In the podcast Latino Perspectives, Cherrie Moraga offers insight on the importance of women participating in social movements across history. She states that women are the only entities that have the courage to talk about intimacy within the area of social justice, a subject that is incredibly sensitive but important in this field. She also clarifies how underrepresented communities are guilty of marginalizing women and not letting them express their identities in a safe space. This specific part in the podcast connected to the poem Beneath the Shadow of the Freeway by Lorna Dee Cervantes where she speaks on how patriarchal ideologies influence Latina women to feel guilty and/or cause guilt onto other women for trying to distance themselves from their culture’s traditions. Sometimes I feel like Latina women (specifically women in my family) know that this lifestyle could be very detrimental to their bodies and minds, but cannot seem to break away from the cycle. Similar to the poem, women in my family tend to shame each other for staying in unhealthy relationships especially when the man is being abusive. Instead of helping in the healing process, they make it worse by making the others feel stupid and weak. Do you think that Latina women are given the choice to follow this cycle or are they influenced into it? Is breaking this cycle really as difficult as it seems? What consequences do Latina women fear?
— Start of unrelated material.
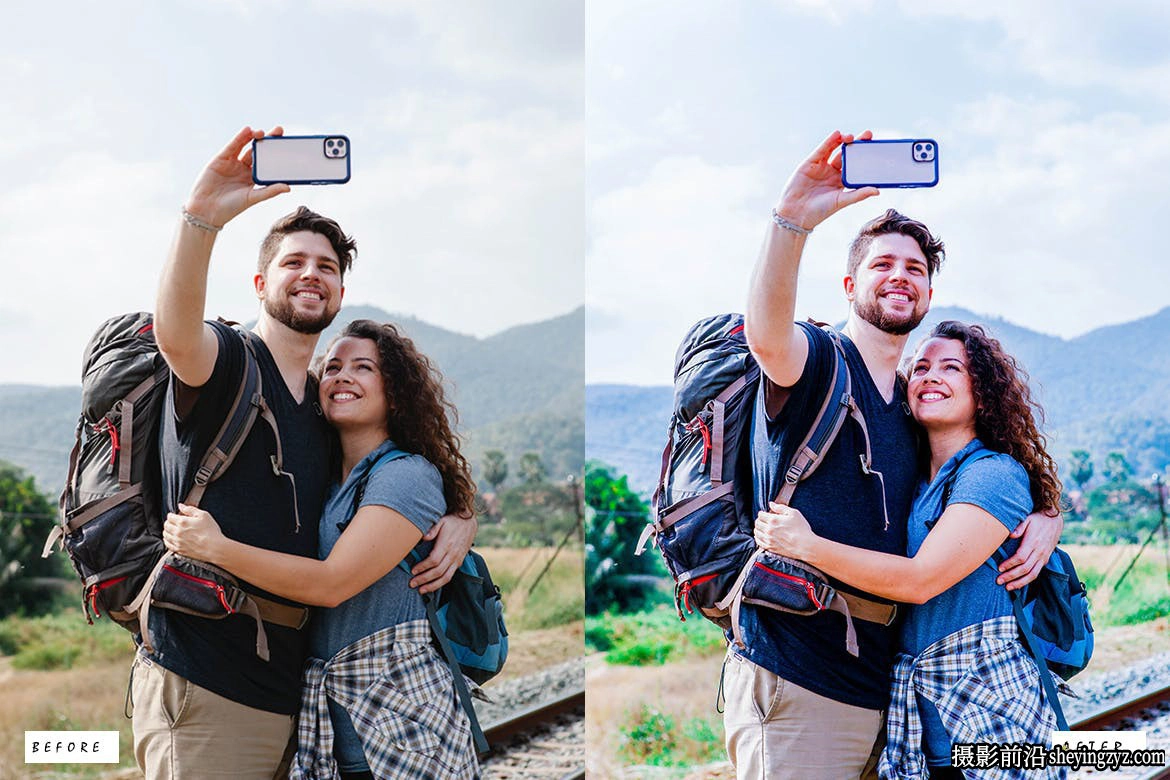 高级明亮通透色彩校正Lr预设ACR调色预设 Happy Lightroom Presets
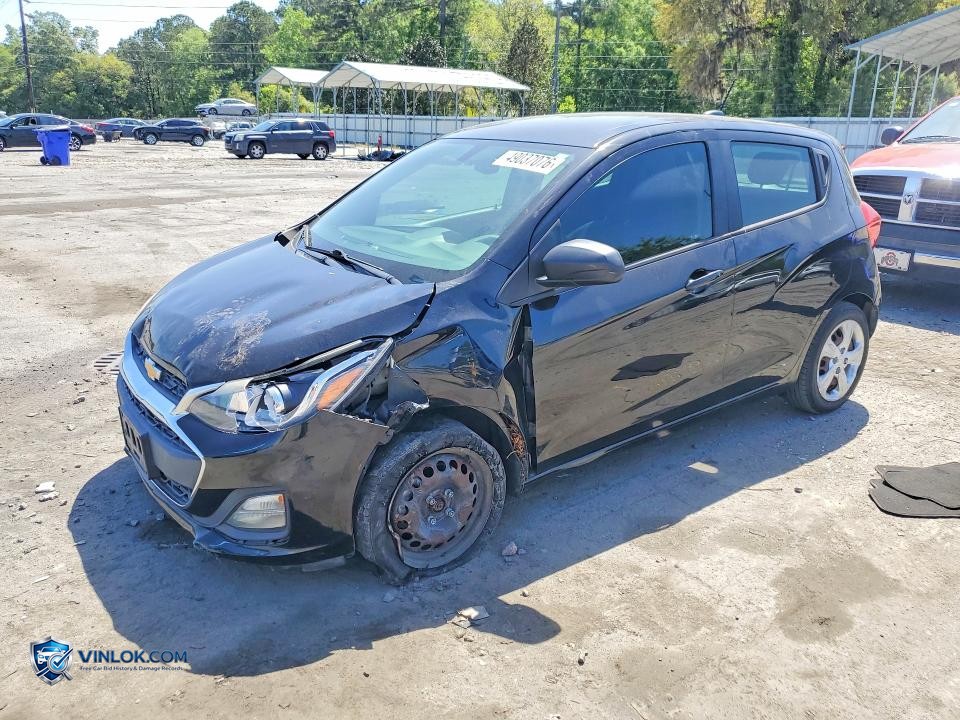 2019 CHEVROLET SPARK LS – Lot 49037076 auction photo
In the article “Chicana/o Family Structure and Gender Personality” there is emphasis placed on the notion that “mothering occurs in a social context” and that mothers reproduce gender identities. As a child you learn what is feminine and what is masculine within the context of your family, particularly from your mother because she is believed to be responsible for the upbringing of children. In the article authors Segura and Pierce explain that while “mothers are directly responsible for teaching their daughters how to be Chicanas”, additionally mothers are teaching Chicano boys that they should identify themselves as “being not female”. At a very early age boys are taught that ideal man is “feo, fuerte y formal”. This bring to mind the image of recently deceased artist Juan Gabriel. In an op-ed piece titled “As a boy, I was taught to ridicule Juan Gabriel. As an adult I revered him” author Arellano speaks of his own experience with gender and group identity. Arellano remembers how growing up phrases like “Juanga” were meant to be derogatory and aimed towards boys who were “perceived to be being gay”. Although being gay is still highly controversial in our culture I would make note of that fact that men like Juan Gabriel who push the boundaries of what it means to be a man are helping spark change in society. With his recent death fans both male and female from across the globe are reaching out to pay respect to an amazing artist, setting aside homophobia. While many are still persecuted for their non-traditional gender identity, Juan Gabriel was openly gay and unapologetic. It is the constant push back on idealized and rigid gender identities that is helping create a more tolerable society.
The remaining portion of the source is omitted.